Roanoke Times Copyright (c) 1995, Landmark Communications, Inc. DATE: SATURDAY, August 14, 1993 TAG: 9308140030 SECTION: EXTRA PAGE: B10 EDITION: METRO SOURCE: Reviewed by MARY ANN JOHNSON DATELINE: LENGTH: Short
Designer clothes, expensive perfumes, fine furs - such is the merchandize of Tarkington's, a Fifth Avenue department store established by an ex-con whose smooth style, acquired taste and shady cellmate carry him to international stature. He dies in a mysterious manner and, with this, Stephen Birmingham, author of "The Aurbach Will," begins his tale of glamour and intrigue.
A biographer is hired to write the true story of Si Tarkington, and revelations are made through his interviews with Si's ambitious daughter, his disinherited son, his beautiful but plastic wife, his young and too earnest mistress, the unexplained gray-haired woman in a brownstone, his spunky but forgotten mother in a Florida nursing home, his neurotic sister and the gay store manager who knows too much.

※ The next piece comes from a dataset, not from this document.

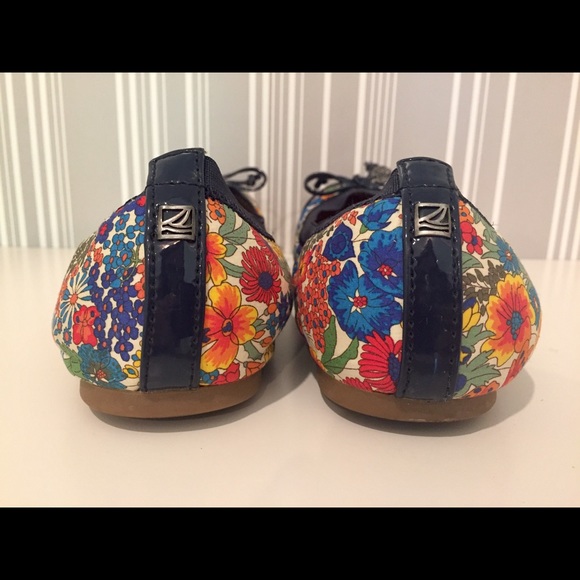 SOLD❌Sperry Patent Navy and Floral Ballet Flats - Picture 4 of 6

Birmingham's own short career in retailing gave him the incentive and material to write about "the perfumed jungle of department and speciality stores." Authenticity of scene is masked by the scent of artificiality which clings to the other elements of the novel.
Editing, both for unnecessary droning and for the consistent misuse of the pronoun "I" might have taken this book above the mezzanine level.
\ Mary Ann Johnson teaches at Roanoke College.